102.7. Masked array pitfalls#
102.7 Masked array pitfalls¶
For the Rubin Science Platform at data.lsst.cloud.
Data Release: Data Preview 1
Container Size: large
LSST Science Pipelines version: r29.2.0
Last verified to run: 2026-01-02
Repository: github.com/lsst/tutorial-notebooks
DOI: 10.11578/rubin/dc.20250909.20
Learning objective: How to correctly compute statistics on masked arrays by identifying and avoiding common numpy pitfalls.
LSST data products: CcdVisit table
Packages: lsst.rsp.get_tap_service
Credit: Originally developed by the Rubin Community Science team. Please consider acknowledging them if this notebook is used for the preparation of journal articles, software releases, or other notebooks.
Get Support: Everyone is encouraged to ask questions or raise issues in the Support Category of the Rubin Community Forum. Rubin staff will respond to all questions posted there.
1. Introduction¶
A masked array pairs a raw data array with a boolean mask that flags invalid entries. Crucially, this mask layer exists even if all data is valid. Scientific errors could occur when standard functions ignore the mask and compute results using the underlying raw data. This tutorial demonstrates how to correctly handle masked arrays, which may have missing or invalid entries, to avoid silent scientific errors. Use the specific failure modes presented in this tutorial as a guide to the fundamental disconnect between standard numpy functions and the masked array structure.
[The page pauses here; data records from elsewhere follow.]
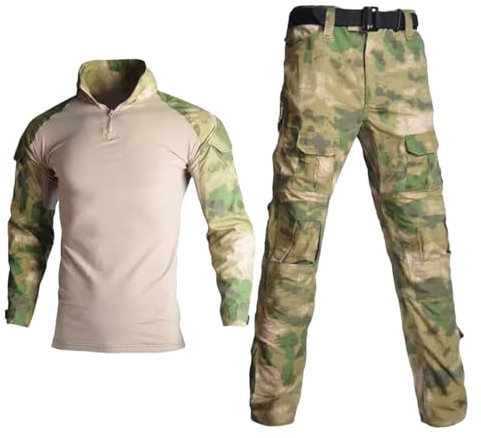 Taktische Kleidung Für Herren Outdoor Paintball Kleidung Sommer Schießen Kampf Camo1 Hemd Overall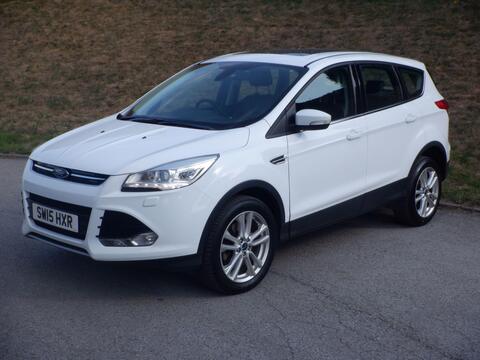 Ford Kuga SUV 2.0 TDCi Titanium X 2WD Euro 6 (s/s) 5dr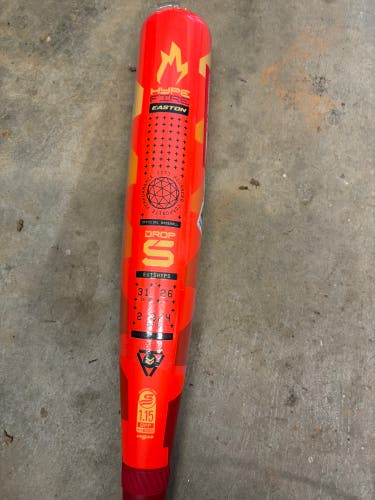 2025 Easton Hype Fire Composite USSSA Certified Bat (-5) 26 oz 31" (New)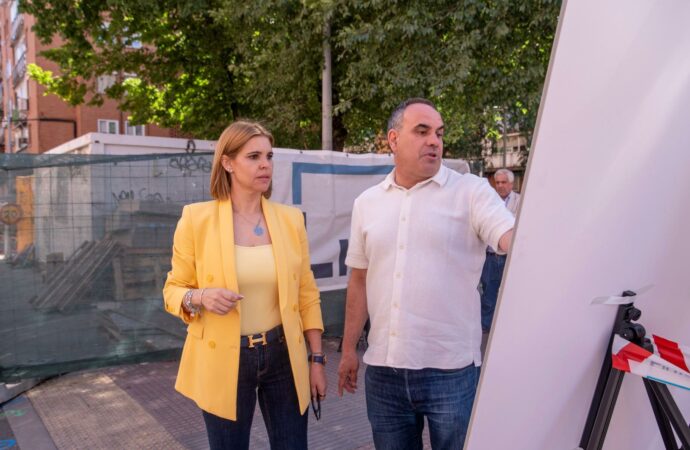 Así será la transformación de la calle Gran Canal del Barrio Venecia dentro del plan Alcalá mejora sus barrios
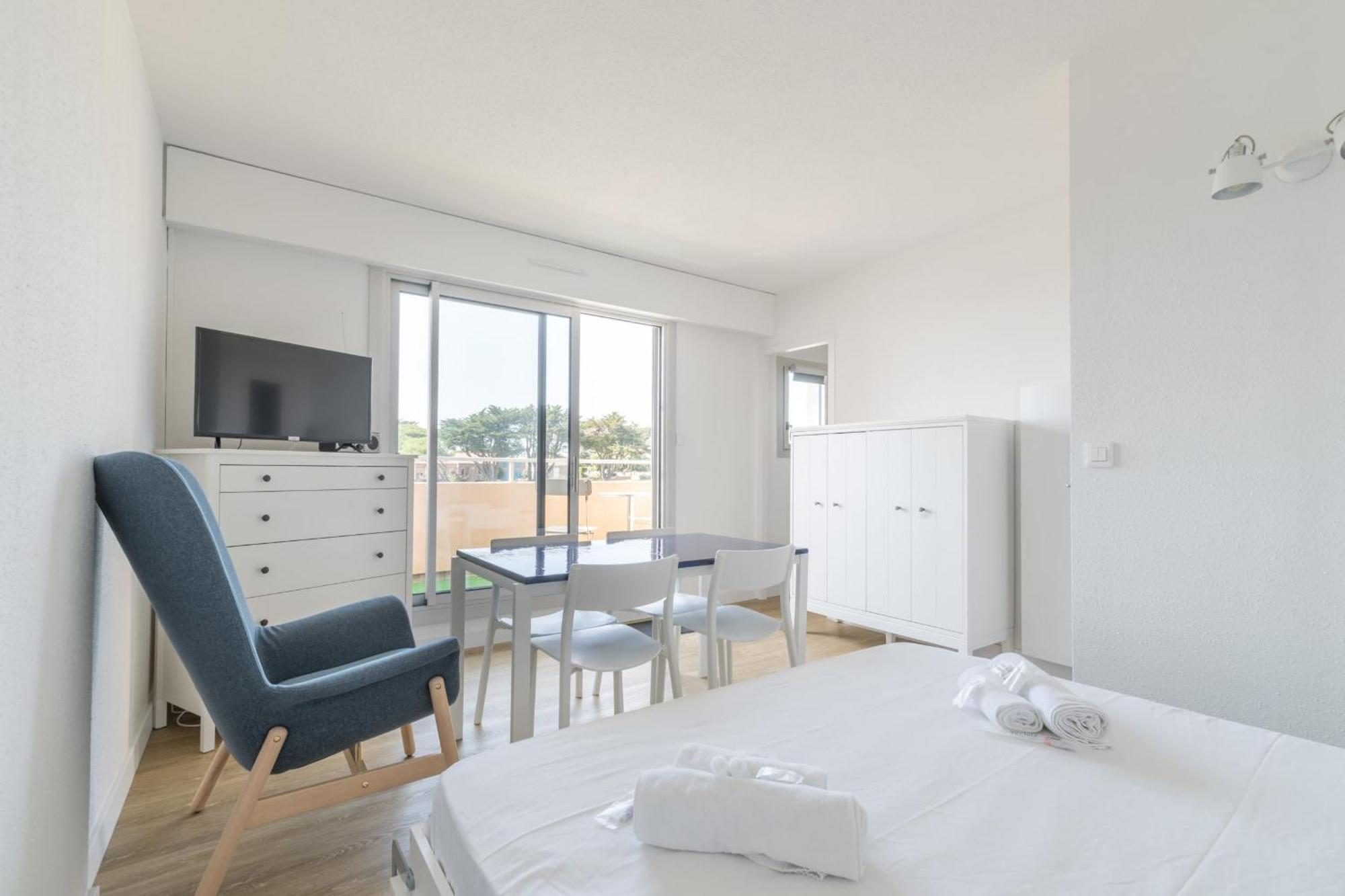 Studio Avec Vue Imprenable Sur La Mer Διαμέρισμα Préfailles Εξωτερικό φωτογραφία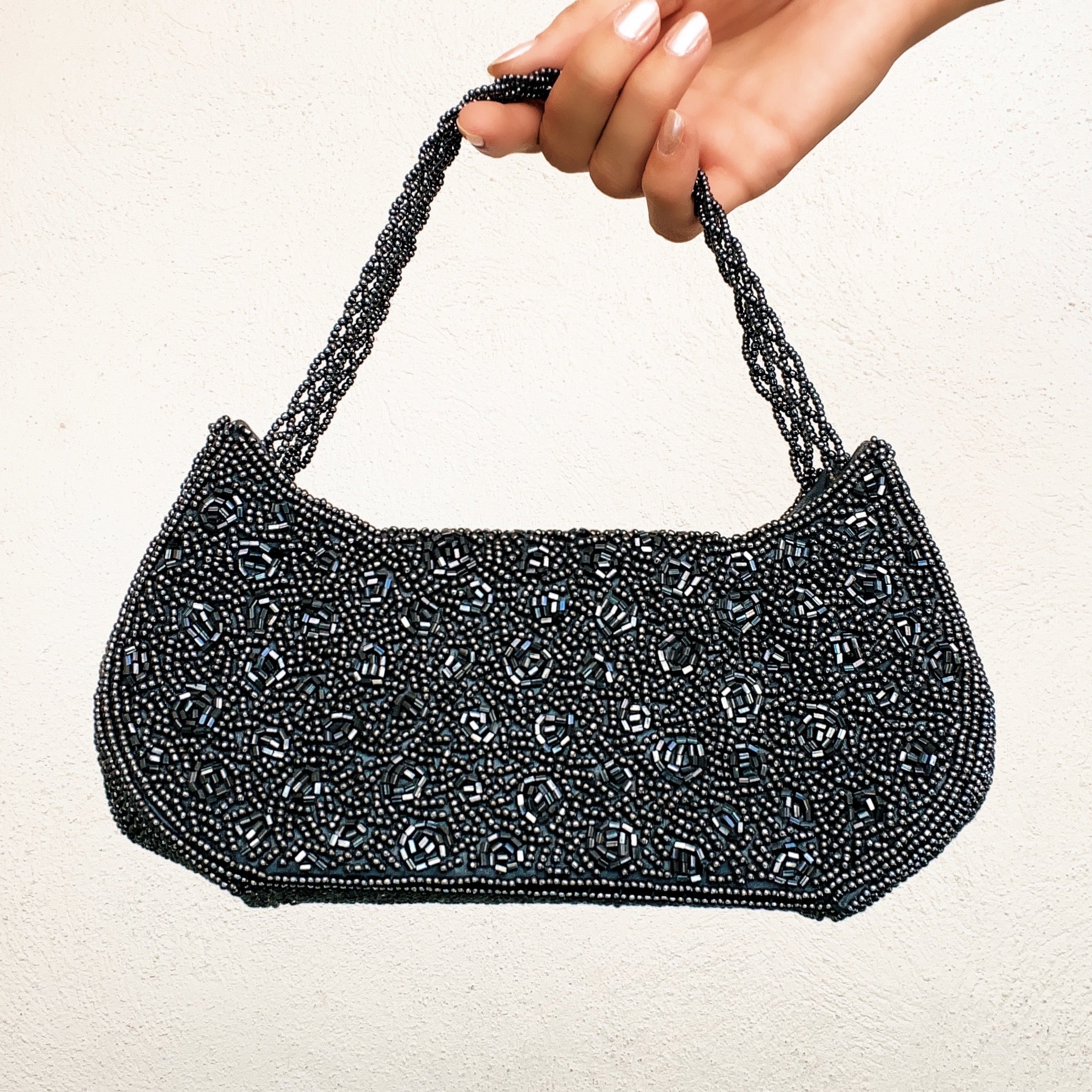 Vintage Tiny Beaded Purse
While this tutorial investigates common operations like numpy.median, these risks extend to any function that ignores the internal mask mechanism. Develop a rigorous habit of verifying whether your statistical tools respect the mask. Adopt robust statistical strategies, such as data compression using .compressed(), which flattens the input array and discards masked values, or specialized modules/libraries for handling masked arrays like numpy.ma and scipy.stats.mstats, to guarantee your scientific results remain robust against invalid underlying data.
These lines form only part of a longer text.